Despite a very warm fall here in the Midwest, we know that winter is coming soon. With recent price increases in natural gas and home heating oil, American families will be paying more this year to fight off the winter’s cold. This will have some repercussions on spending decisions, as consumers will seek out ways to conserve by insulating, turning down the thermostat (as our University will be doing – Mr. Rogers had something to teach us about wearing that sweater when he came to the neighborhood), and similar means.
However, there is only so much you can do through conservation. Your furnace will burn fuel, and if that costs more than last year, it will crimp some discretionary spending. For those with thinly stretched budgets (which can involve all levels of earnings), that may mean some difficult choices. Demands on energy assistance programs through groups like the Salvation Army will probably be significant this year.
Of course, these kinds of issues that hit the pocketbooks of Americans can prove irresistible to our elected officials.

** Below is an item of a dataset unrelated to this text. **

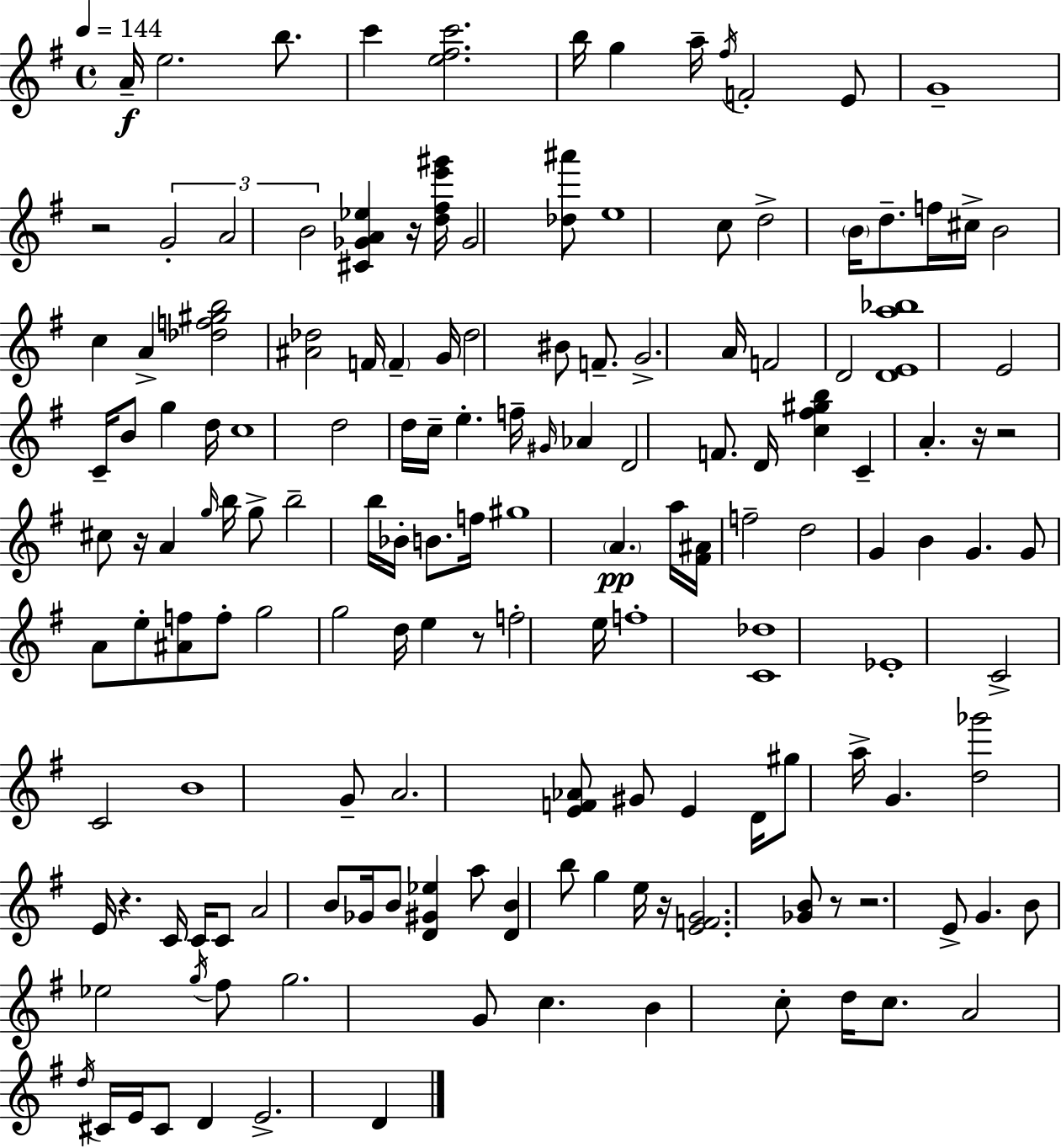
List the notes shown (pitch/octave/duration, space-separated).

A4/s E5/h. B5/e. C6/q [E5,F#5,C6]/h. B5/s G5/q A5/s F#5/s F4/h E4/e G4/w R/h G4/h A4/h B4/h [C#4,Gb4,A4,Eb5]/q R/s [D5,F#5,E6,G#6]/s Gb4/h [Db5,A#6]/e E5/w C5/e D5/h B4/s D5/e. F5/s C#5/s B4/h C5/q A4/q [Db5,F5,G#5,B5]/h [A#4,Db5]/h F4/s F4/q G4/s Db5/h BIS4/e F4/e. G4/h. A4/s F4/h D4/h [D4,E4,A5,Bb5]/w E4/h C4/s B4/e G5/q D5/s C5/w D5/h D5/s C5/s E5/q. F5/s G#4/s Ab4/q D4/h F4/e. D4/s [C5,F#5,G#5,B5]/q C4/q A4/q. R/s R/h C#5/e R/s A4/q G5/s B5/s G5/e B5/h B5/s Bb4/s B4/e. F5/s G#5/w A4/q. A5/s [F#4,A#4]/s F5/h D5/h G4/q B4/q G4/q. G4/e A4/e E5/e [A#4,F5]/e F5/e G5/h G5/h D5/s E5/q R/e F5/h E5/s F5/w [C4,Db5]/w Eb4/w C4/h C4/h B4/w G4/e A4/h. [E4,F4,Ab4]/e G#4/e E4/q D4/s G#5/e A5/s G4/q. [D5,Gb6]/h E4/s R/q. C4/s C4/s C4/e A4/h B4/e Gb4/s B4/e [D4,G#4,Eb5]/q A5/e [D4,B4]/q B5/e G5/q E5/s R/s [E4,F4,G4]/h. [Gb4,B4]/e R/e R/h. E4/e G4/q. B4/e Eb5/h G5/s F#5/e G5/h. G4/e C5/q. B4/q C5/e D5/s C5/e. A4/h D5/s C#4/s E4/s C#4/e D4/q E4/h. D4/q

Dick Morris, who has a pretty good crystal ball when it comes to seeing political issues that matter in elections, has recently opined that the heating oil issue will be an important one for politicians to address.
One approach being floated: impose a “windfall profits tax” on oil companies and diverting a portion of those profits to offset high heating costs. Companies holding commodities that have increased substantially in value would be subjected to a special tax on profits made by selling these commodities. We tried this in the 1970s, and some want to try it again. Democrats have been leading the charge, as some of them have expressed outrage about oil company profits. But some republicans are also joining the bandwagon. Susan Collins of Maine has recently joined democratic senator Reed from R.I. in a recent proposal.

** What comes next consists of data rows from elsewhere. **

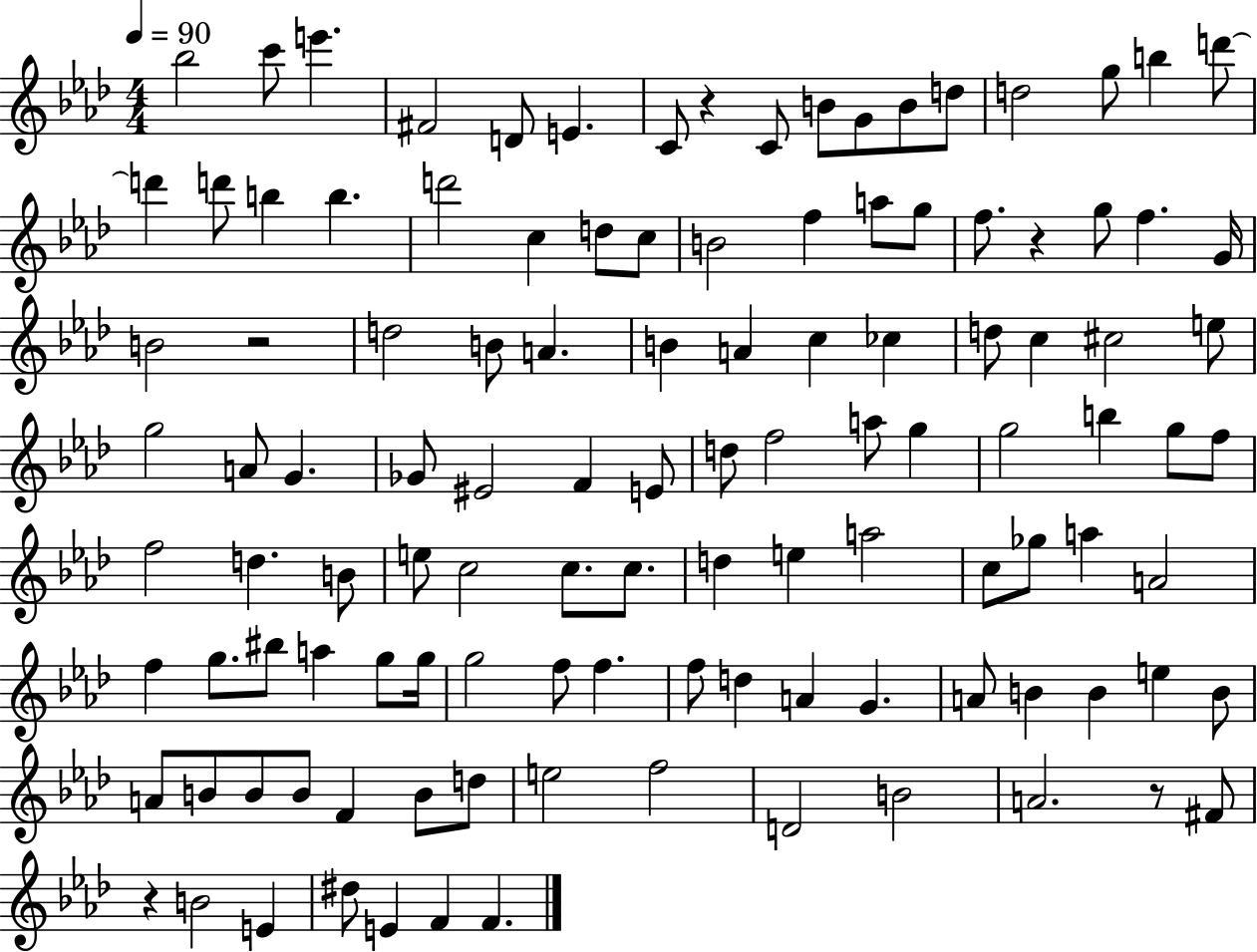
X:1
T:Untitled
M:4/4
L:1/4
K:Ab
_b2 c'/2 e' ^F2 D/2 E C/2 z C/2 B/2 G/2 B/2 d/2 d2 g/2 b d'/2 d' d'/2 b b d'2 c d/2 c/2 B2 f a/2 g/2 f/2 z g/2 f G/4 B2 z2 d2 B/2 A B A c _c d/2 c ^c2 e/2 g2 A/2 G _G/2 ^E2 F E/2 d/2 f2 a/2 g g2 b g/2 f/2 f2 d B/2 e/2 c2 c/2 c/2 d e a2 c/2 _g/2 a A2 f g/2 ^b/2 a g/2 g/4 g2 f/2 f f/2 d A G A/2 B B e B/2 A/2 B/2 B/2 B/2 F B/2 d/2 e2 f2 D2 B2 A2 z/2 ^F/2 z B2 E ^d/2 E F F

Among the many problems with this type of tax is the fact that Congress seems to have myopia when it comes to energy policy. We just recently passed legislation designed to increase oil and gas exploration by granting tax incentives for those activities. Now, we seem to be sending the opposite message. Taxing sends a signal that we want less of this activity. Moreover, it sends a destabilizing message to industry that government policymakers can’t be trusted (as if we need more messages like this!), which may make future incentives less effective. (Ever hear of the boy who cried wolf? Perhaps the PC crowd has chilled the free expression of that story to the point where our legislators have forgotten what it means.)
Though I sympathize with those faced by higher costs, a federal solution is not the answer. These representatives and senators should resist the temptation to reap short-term political gains from this issue. That will be hard, as Christmas is coming, and we all love Santa Claus.